Copy exactly. Include the line containing "Northwest Blazers Basketball", every line after it, and the last line below, but no pictures.

Items listed in a dataset
....................

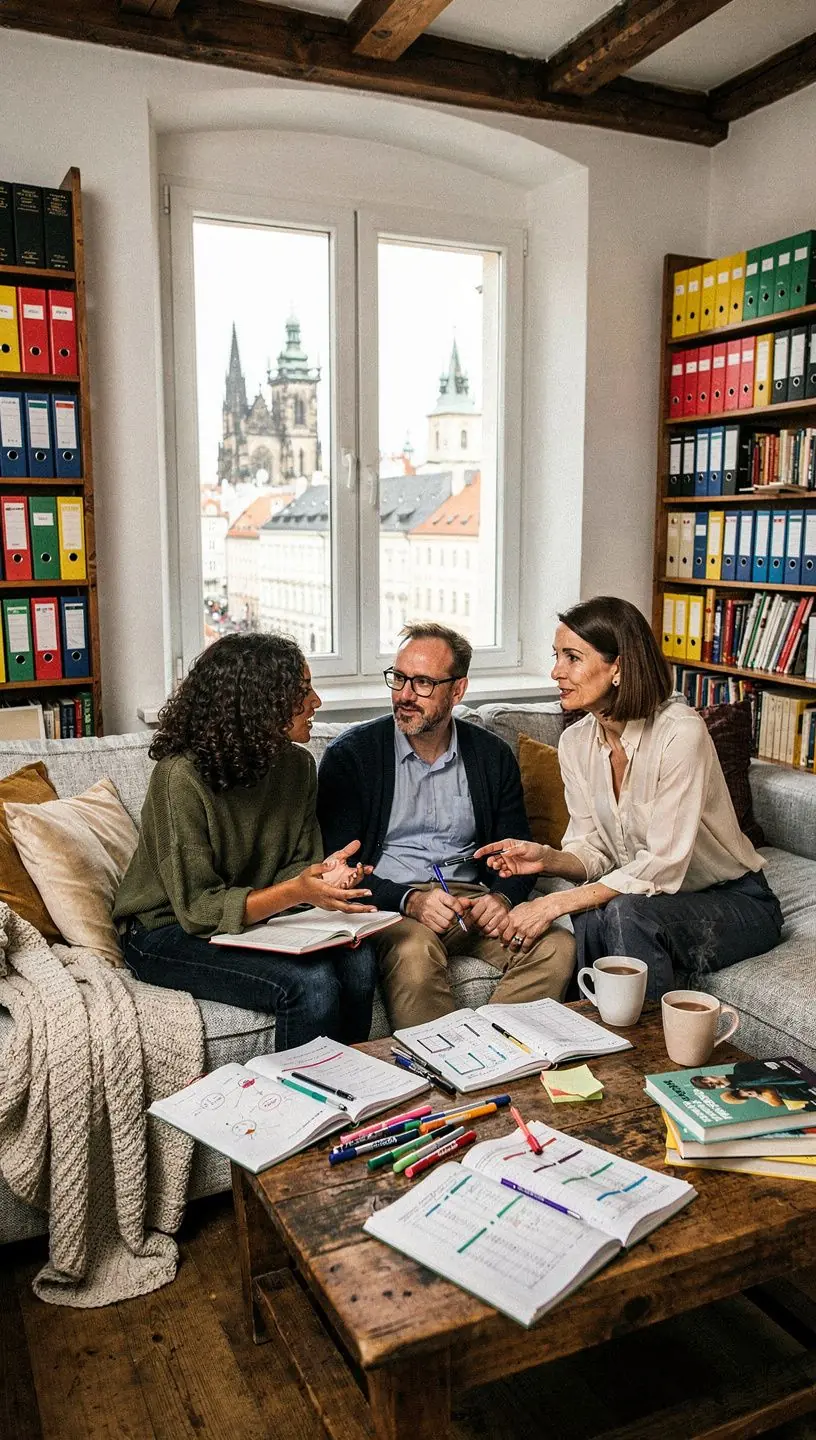 Detailní záběr na otevřenou knihu s poznámkami a plánovacími strategiemi.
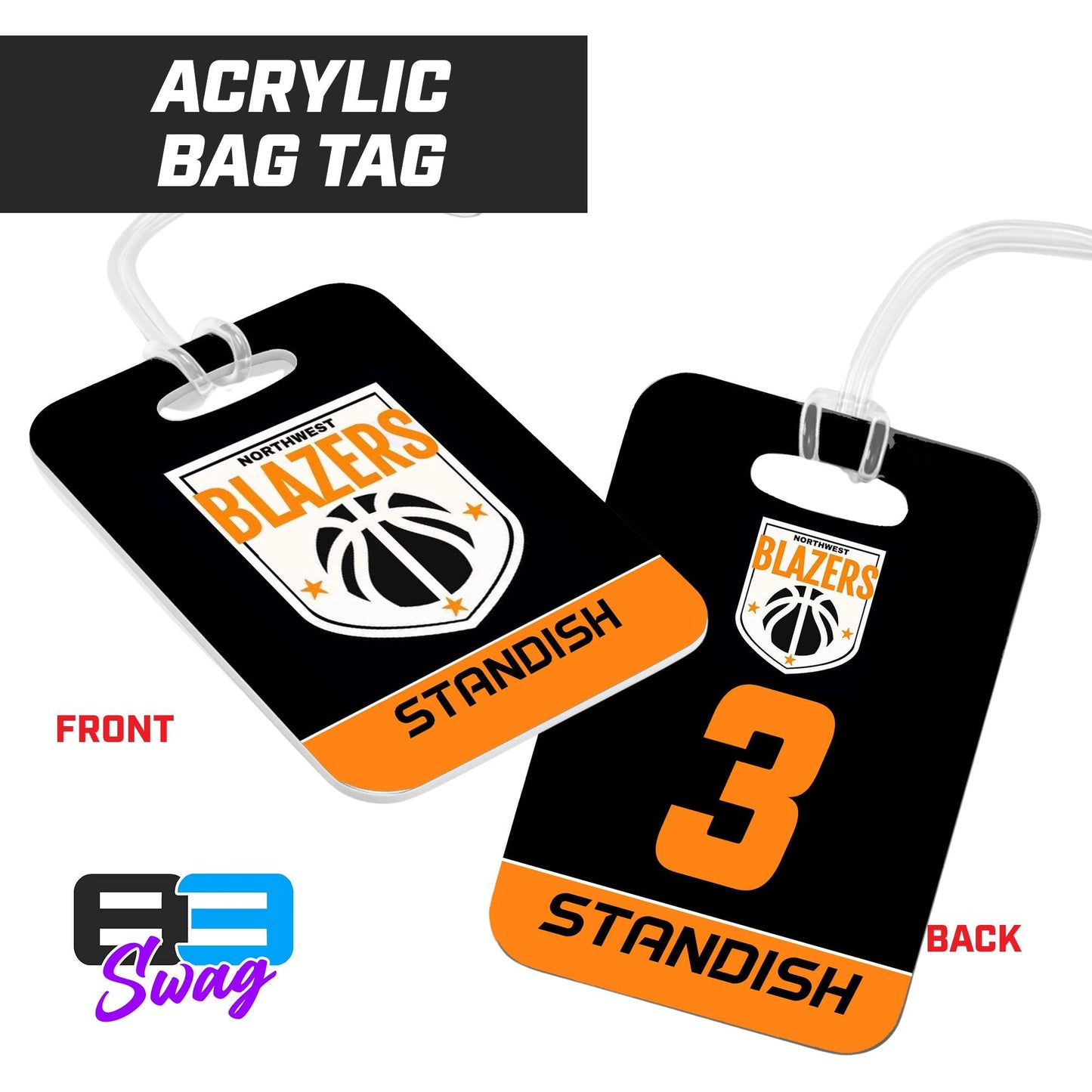 Northwest Blazers Basketball - Hard Acrylic Bag Tag - 83Swag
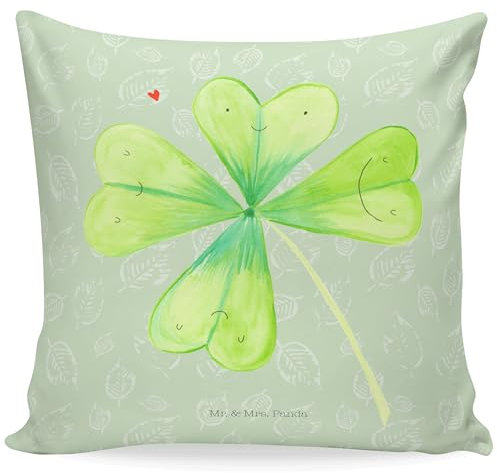 Mr. & Mrs. Panda Kissen Blume Kleeblatt - Geschenk, Sommer Deko, Jobwechsel, Kissenbezüge, Glücksbringer, Blumen Deko, Motivkissen, Dekokissen 40x40,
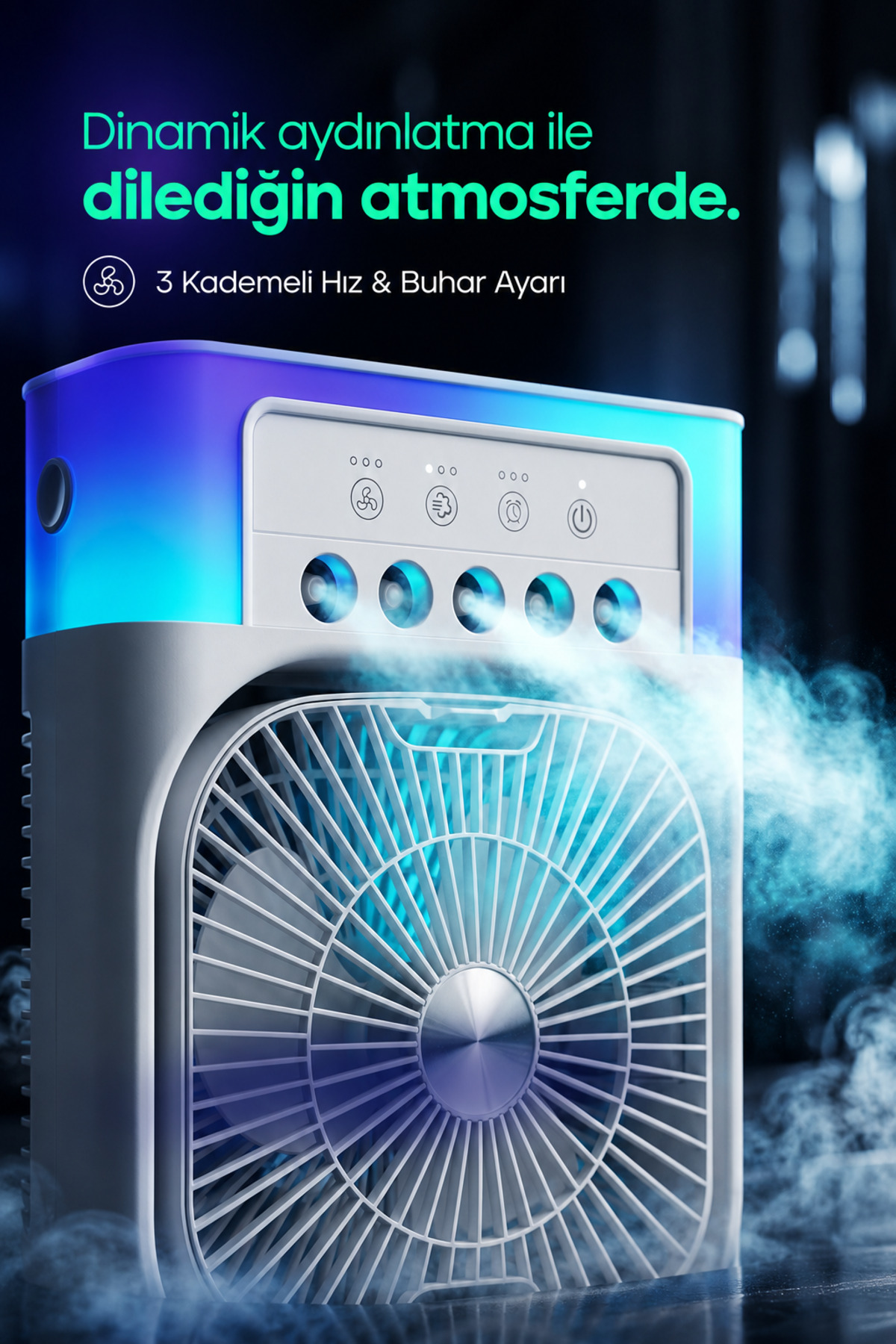 3in1 Masaüstü Fan 3 kademeli Ferah Nemlendirici Buharlı Rgb Aydınlatmalı Vantilatör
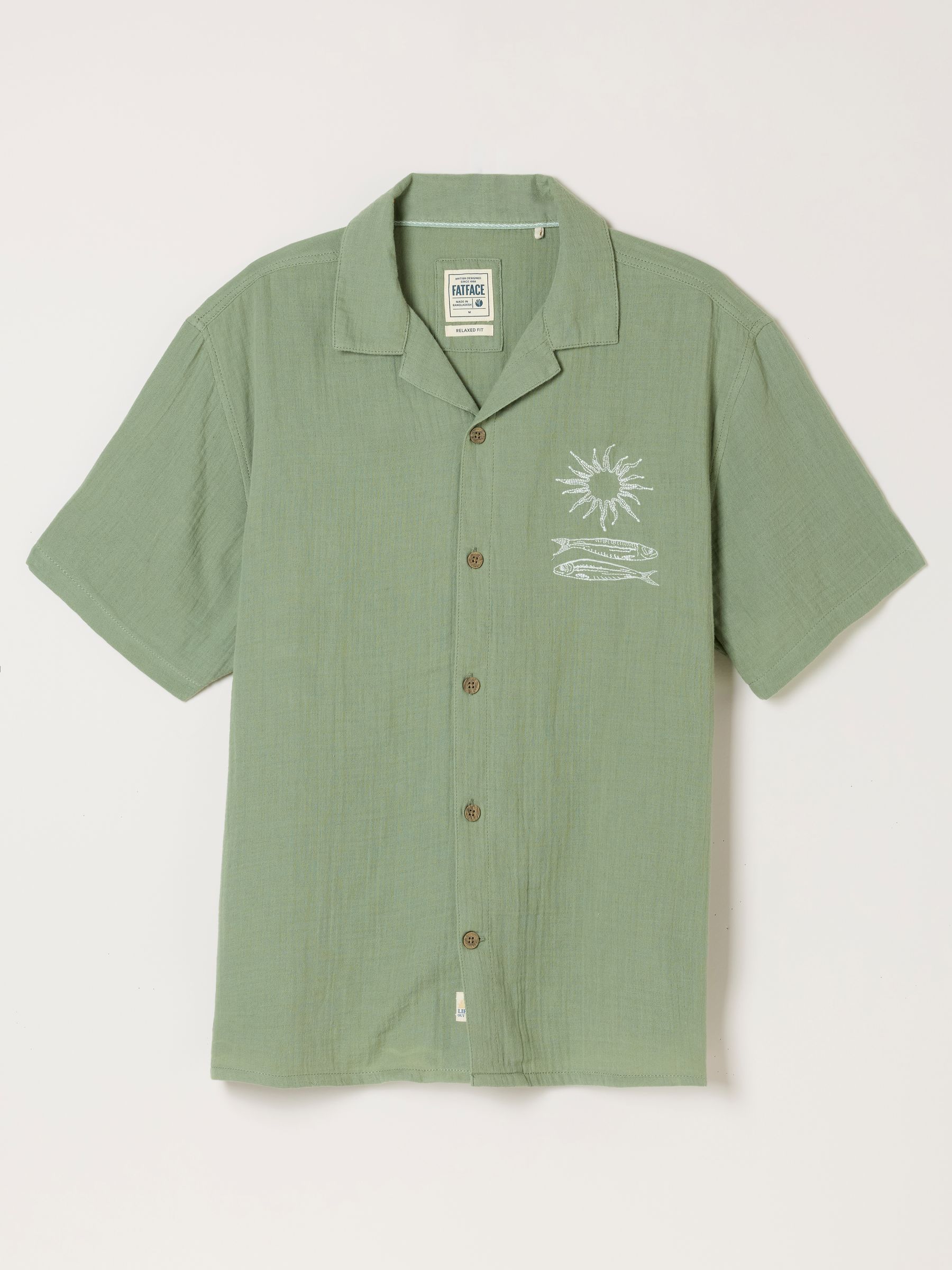 Green Short Sleeve Relaxed Fit Oliva Placement Embroidery Shirt - Image 7 of 7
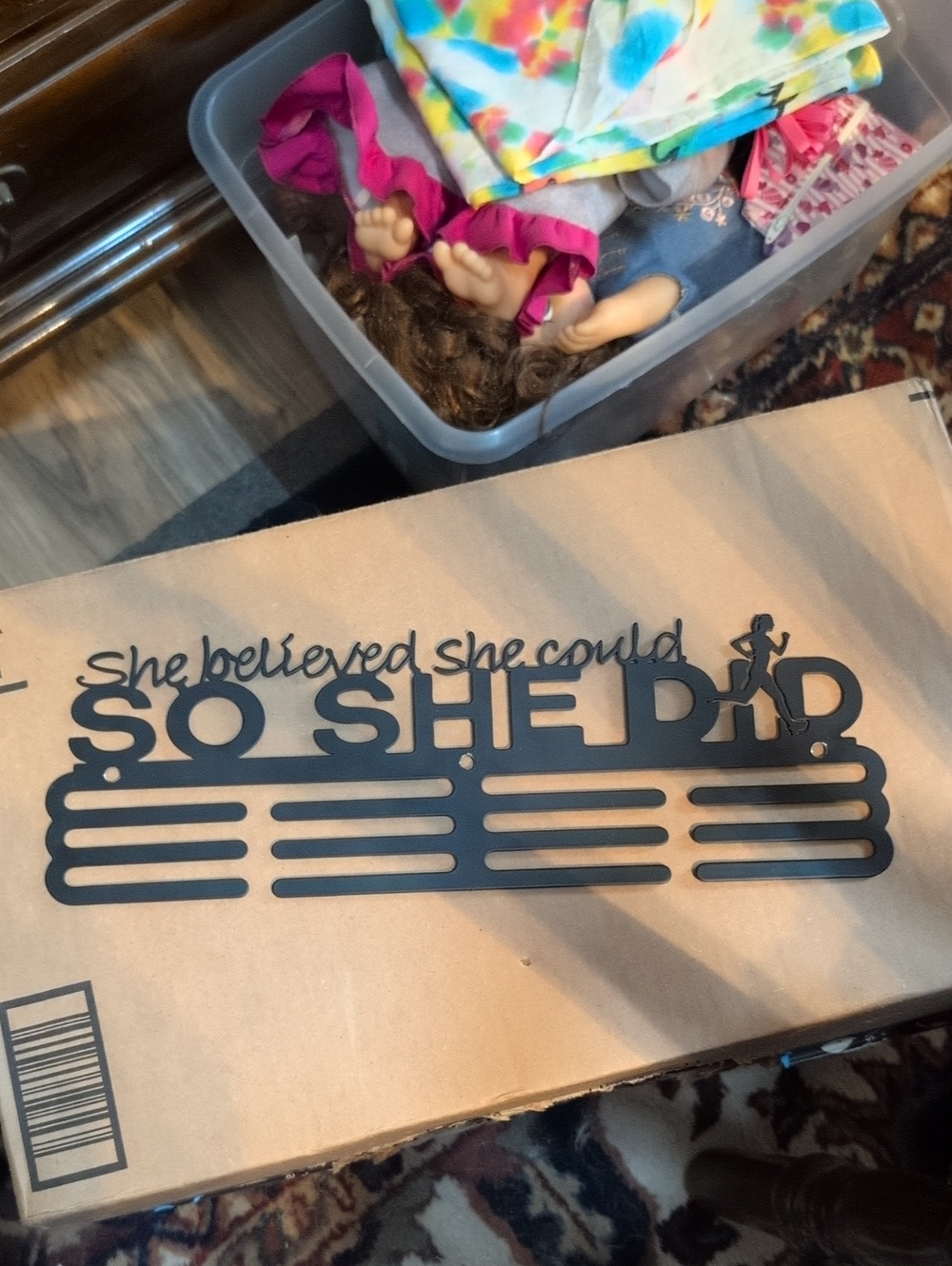 She Believed She Could So She Did Black Metal Wall Plaque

....................

_RESULT FOR THIS EXERCISE_.
 Northwest Blazers Basketball - Hard Acrylic Bag Tag - 83Swag
 Mr. & Mrs. Panda Kissen Blume Kleeblatt - Geschenk, Sommer Deko, Jobwechsel, Kissenbezüge, Glücksbringer, Blumen Deko, Motivkissen, Dekokissen 40x40,
 3in1 Masaüstü Fan 3 kademeli Ferah Nemlendirici Buharlı Rgb Aydınlatmalı Vantilatör
 Green Short Sleeve Relaxed Fit Oliva Placement Embroidery Shirt - Image 7 of 7
 She Believed She Could So She Did Black Metal Wall Plaque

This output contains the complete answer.